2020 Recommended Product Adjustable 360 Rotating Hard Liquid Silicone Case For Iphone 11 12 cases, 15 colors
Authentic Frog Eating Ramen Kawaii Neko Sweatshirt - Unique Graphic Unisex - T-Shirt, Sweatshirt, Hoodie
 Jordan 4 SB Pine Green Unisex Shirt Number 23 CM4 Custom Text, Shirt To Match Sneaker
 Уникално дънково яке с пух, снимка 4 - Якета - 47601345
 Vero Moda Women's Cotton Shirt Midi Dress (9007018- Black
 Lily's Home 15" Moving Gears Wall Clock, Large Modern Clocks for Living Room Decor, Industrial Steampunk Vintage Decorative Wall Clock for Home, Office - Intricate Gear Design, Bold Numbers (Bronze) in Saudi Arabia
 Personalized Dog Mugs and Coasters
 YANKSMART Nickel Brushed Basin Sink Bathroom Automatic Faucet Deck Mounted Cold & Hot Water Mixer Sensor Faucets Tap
========================================
▸ What you should do
Every record above belongs in the answer, reproduced exactly.

▸ Task result
2020 Recommended Product Adjustable 360 Rotating Hard Liquid Silicone Case For Iphone 11 12 cases, 15 colors
Authentic Frog Eating Ramen Kawaii Neko Sweatshirt - Unique Graphic Unisex - T-Shirt, Sweatshirt, Hoodie
 Jordan 4 SB Pine Green Unisex Shirt Number 23 CM4 Custom Text, Shirt To Match Sneaker
 Уникално дънково яке с пух, снимка 4 - Якета - 47601345
 Vero Moda Women's Cotton Shirt Midi Dress (9007018- Black
 Lily's Home 15" Moving Gears Wall Clock, Large Modern Clocks for Living Room Decor, Industrial Steampunk Vintage Decorative Wall Clock for Home, Office - Intricate Gear Design, Bold Numbers (Bronze) in Saudi Arabia
 Personalized Dog Mugs and Coasters
 YANKSMART Nickel Brushed Basin Sink Bathroom Automatic Faucet Deck Mounted Cold & Hot Water Mixer Sensor Faucets Tap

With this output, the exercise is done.